Discussion in 'Sports and News' started by KnuteRockne, Mar 20, 2007.

  1. dog --
    This became less hard to understand the other night.
    The president doesn't want his people to testify under oath. The ExecPrivilege argument doesn't wash because he's willing to have those same people talk under circumstances that make their being held accountable for what they say almost impossible.
    Why?
    Simple.
     
  2. Simon_Cowbell

    Simon_Cowbell Active Member

    When is a democrat going to grow a spine and bring impeachment officially to the floor?
     
  3. Webster

    Webster Well-Known Member

    Is there anything better for the Democrats than The Hammer coming out of exile and flapping his gums on this issue?
     
  4. alleyallen

    alleyallen Guest

    Not going to happen, and you know it.
     
  5. Simon_Cowbell

    Simon_Cowbell Active Member

    Very gelatinous crew in there right now.
     
  6. Football_Bat

    Football_Bat Well-Known Member

    Actually, his ultimate trump card are the 5 Supreme Court justices that made him president in 2000. And two of those are out and replaced by two even friendlier neocons.

    Any court case against his administration would eventually go to SCOTUS. Guess which way the Fredo Five will vote?
     
  7. alleyallen

    alleyallen Guest

    Think jello if you want, Cowbell, but I'm thinking more important issues like, y'know, ending the war in Iraq.
     
  8. PeteyPirate

    PeteyPirate Guest

    http://www.washingtonpost.com/wp-dyn/content/article/2007/03/21/AR2007032102713.html?nav=hcmodule

    Prosecutor Says Bush Appointees Interfered With Tobacco Case

    By Carol D. Leonnig
    Washington Post Staff Writer
    Thursday, March 22, 2007; Page A01

    The leader of the Justice Department team that prosecuted a landmark lawsuit against tobacco companies said yesterday that Bush administration political appointees repeatedly ordered her to take steps that weakened the government's racketeering case.

    Sharon Y. Eubanks said Bush loyalists in Attorney General Alberto R. Gonzales's office began micromanaging the team's strategy in the final weeks of the 2005 trial, to the detriment of the government's claim that the industry had conspired to lie to U.S. smokers.

    She said a supervisor demanded that she and her trial team drop recommendations that tobacco executives be removed from their corporate positions as a possible penalty. He and two others instructed her to tell key witnesses to change their testimony. And they ordered Eubanks to read verbatim a closing argument they had rewritten for her, she said.

    "The political people were pushing the buttons and ordering us to say what we said," Eubanks said. "And because of that, we failed to zealously represent the interests of the American public." ...
     
  9. CaymanGuy

    CaymanGuy Member

    Football_Bat, the way our system works (some would argue doesn't) a case takes approximately three to four years to go from trial through the appellate process to the U.S. Supreme Court.

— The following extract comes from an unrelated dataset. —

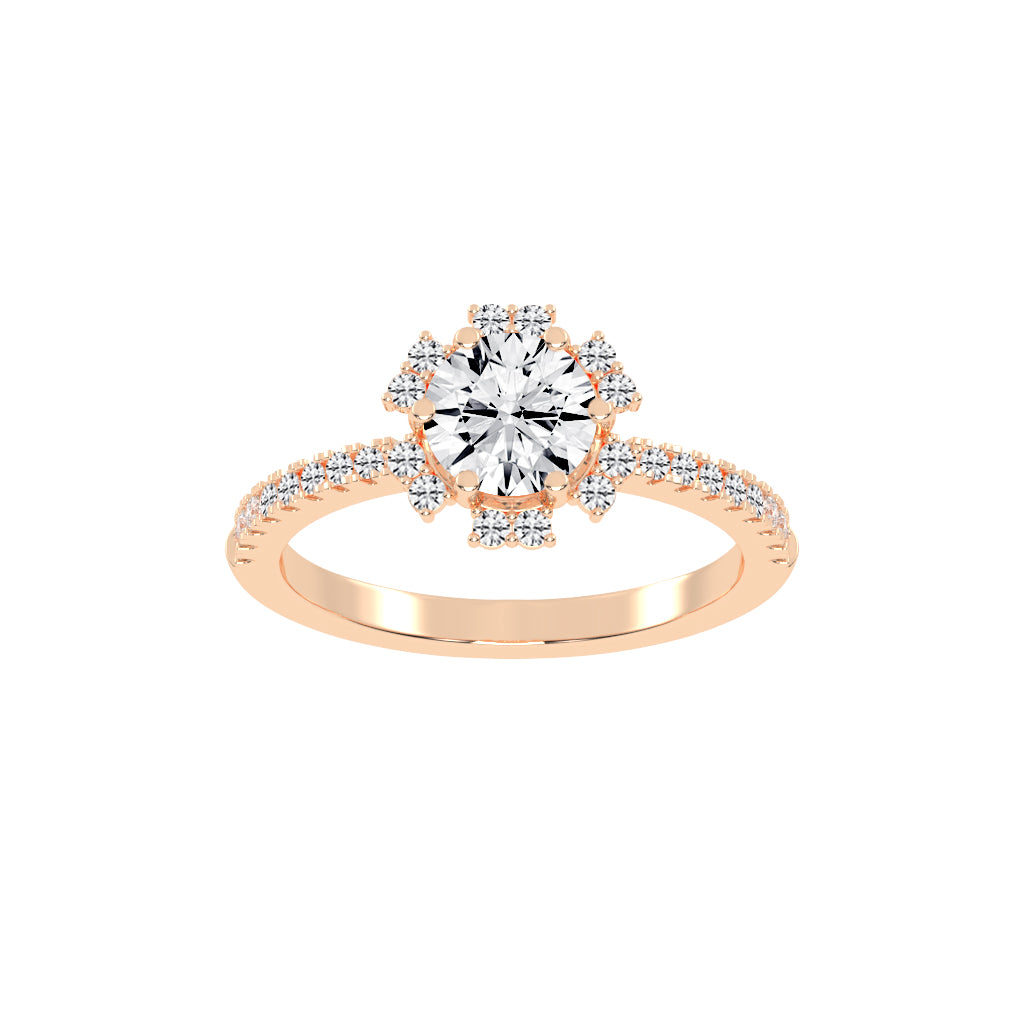 Halivellea  Six Prong Round Cut Halo Lab Diamond Ring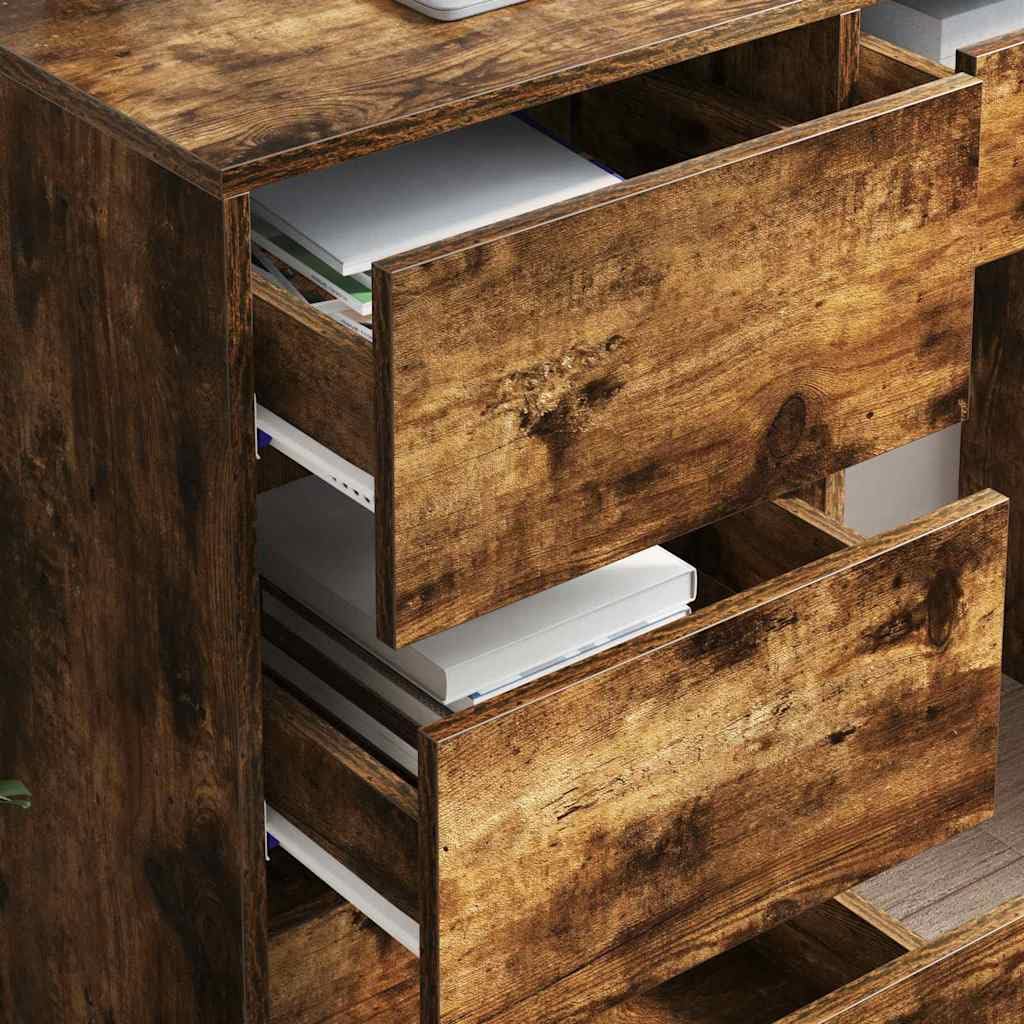 Scrivania in legno di rovere affumicato, 90 x 37,5 x 75 cm, con cassetto, moderna scrivania da ufficio per home office e gaming, con molto spazio e stabile tavolo per PC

No one, with the possible exception of the fired U.S. attorneys, will care at that point.
     
  10. Webster

    Webster Well-Known Member

    Not a fan of what Bush did by any means, and I think that this is yet another example of his use of 9/11, via the Patriot Act, to establish his vision of an imperial Executive Branch.

    But I don't think that he did anything illegal.
     
  11. That's what oversight hearings and subpoenas are for.
    If anyone in the WH political operations dicked around with Carol Lam's prosecutions in SF, then somebody could very well go to jail.
     
  12. Ace

    Ace Well-Known Member

    Maybe not, but if they get subpoenaed and inevitably lie about it -- it's a different story.